━━━━━ Data section

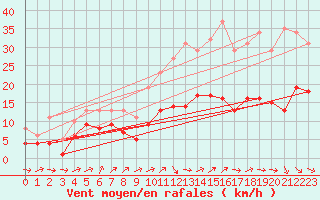 Courbe de la force du vent pour Bulson (08)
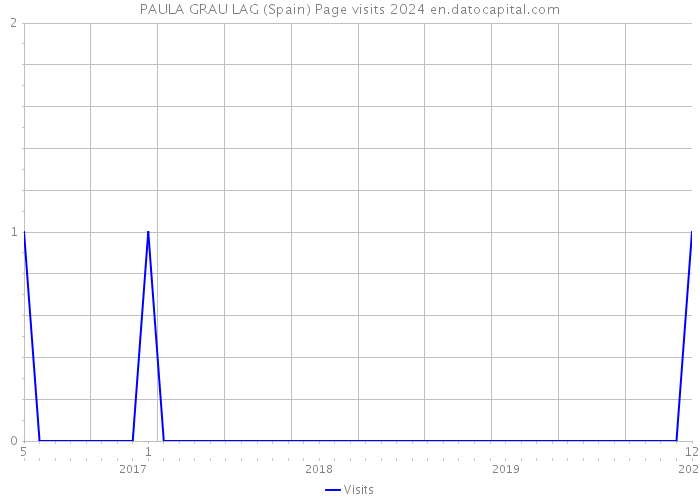 PAULA GRAU LAG (Spain) Page visits 2024 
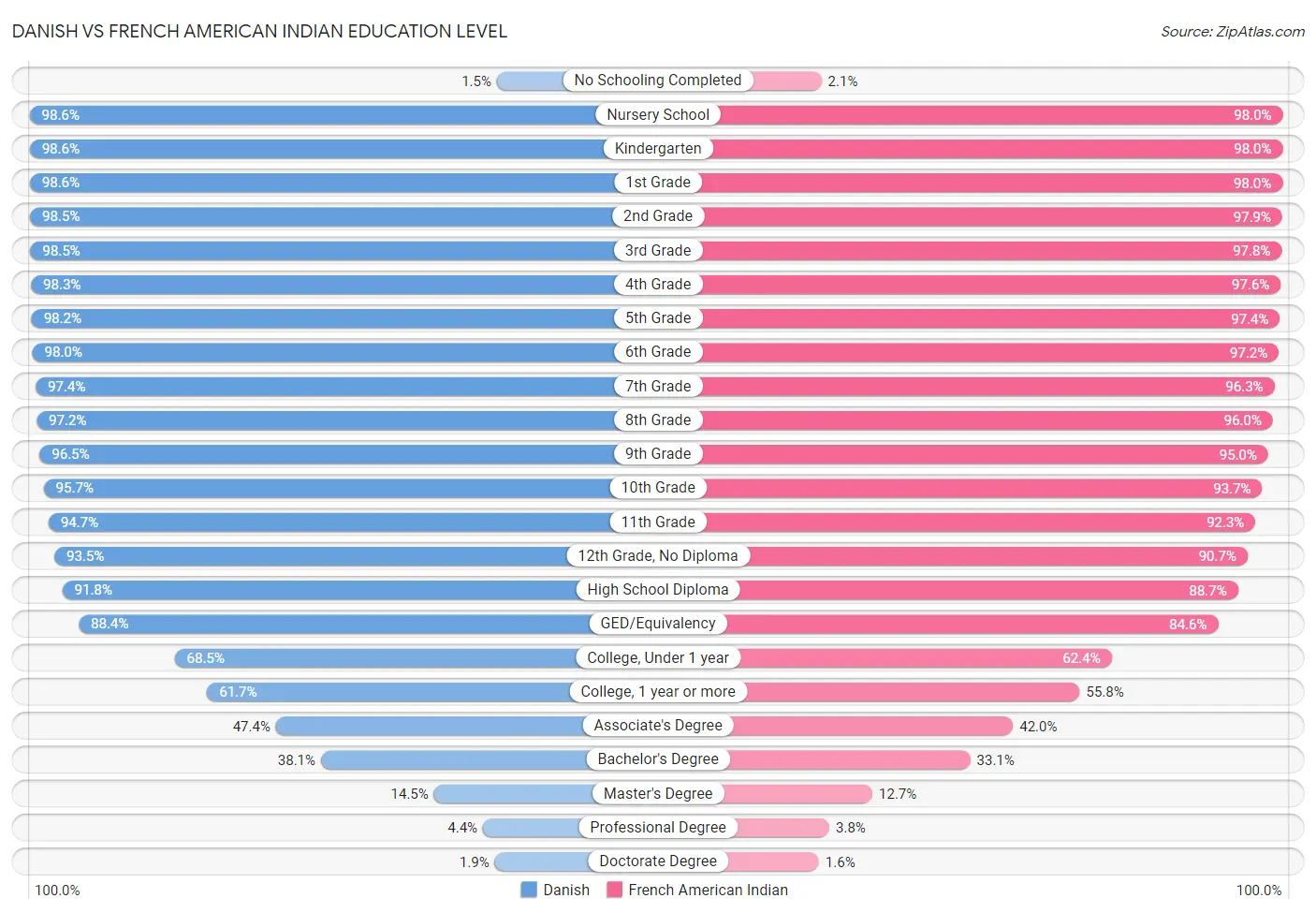 Danish vs French American Indian Education Level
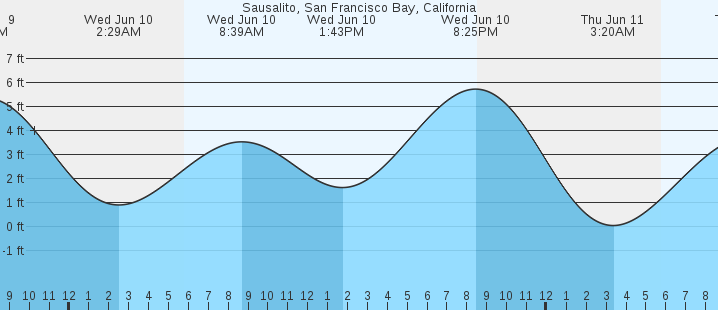 tide graph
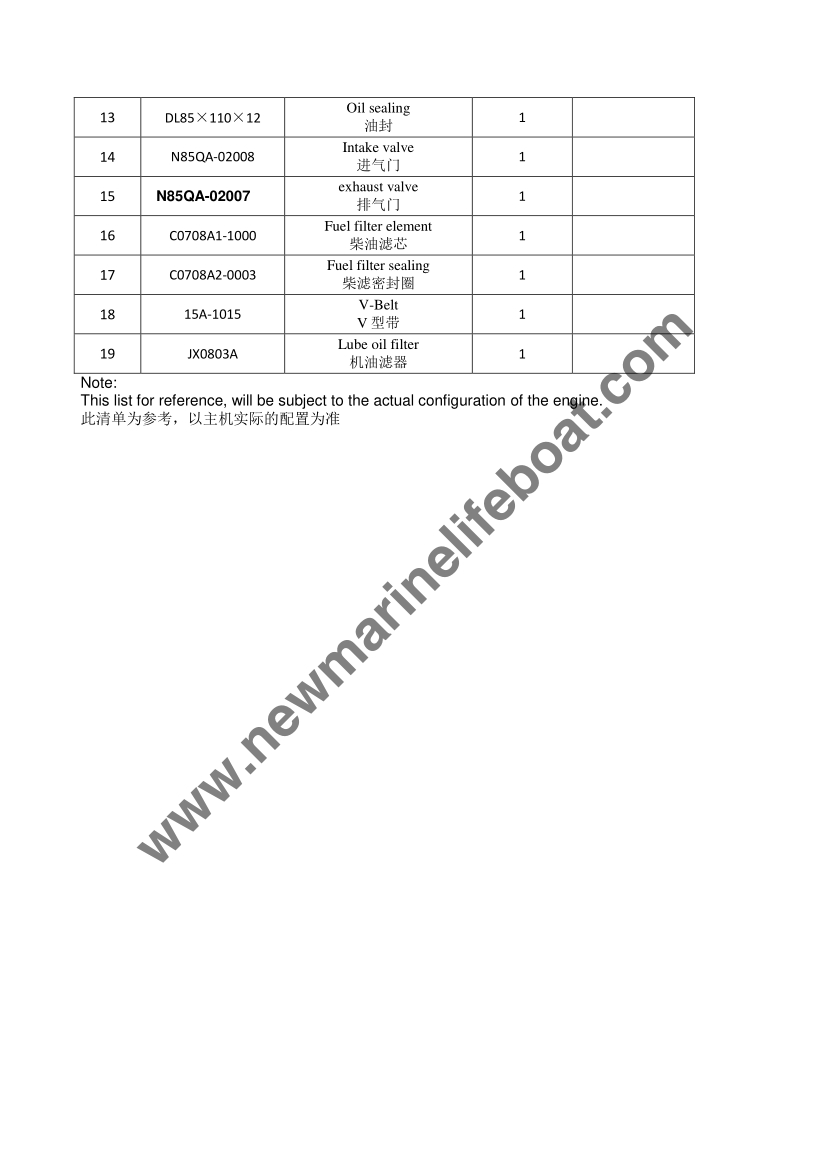 закрытая спасательная шлюпка (5) 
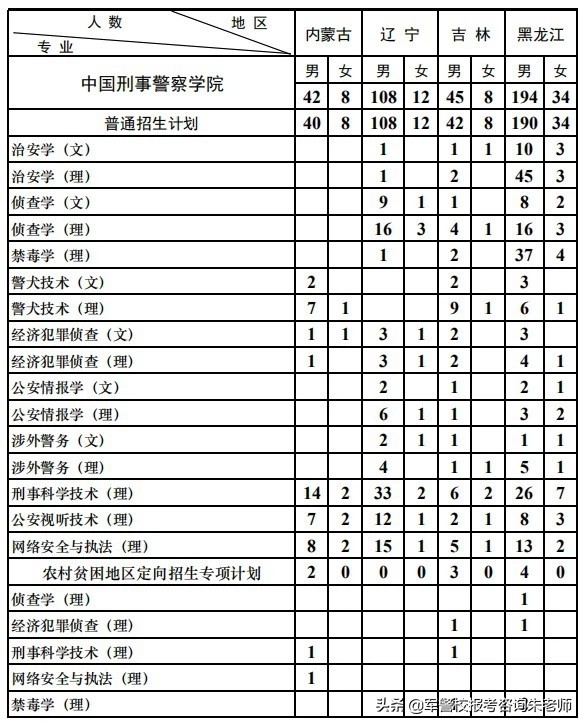 独家！2019高考中国刑事警察学院各省市招生人数、录分数线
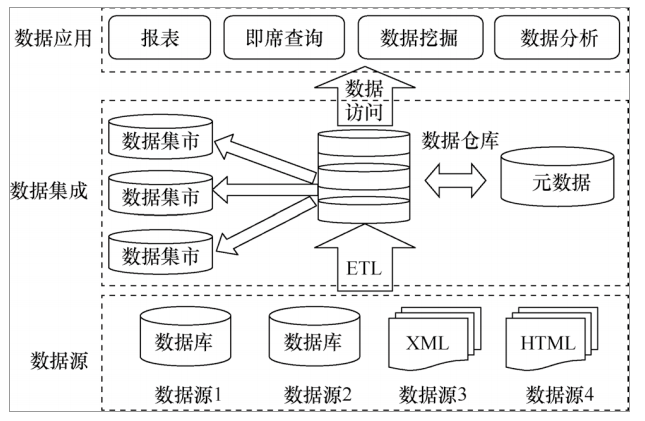 it技术英文网站_it技术包括哪些技术_it技术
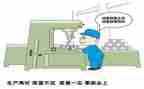 抓质量工作总结最新6篇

━━━━━━━━━━

Assignment
What you return must be the entries above, exactly as they appear, without any pictures.

Reply to the exercise
 Courbe de la force du vent pour Bulson (08)
 PAULA GRAU LAG (Spain) Page visits 2024 
 Danish vs French American Indian Education Level
 tide graph
 закрытая спасательная шлюпка (5) 
 独家！2019高考中国刑事警察学院各省市招生人数、录分数线
 it技术英文网站_it技术包括哪些技术_it技术
 抓质量工作总结最新6篇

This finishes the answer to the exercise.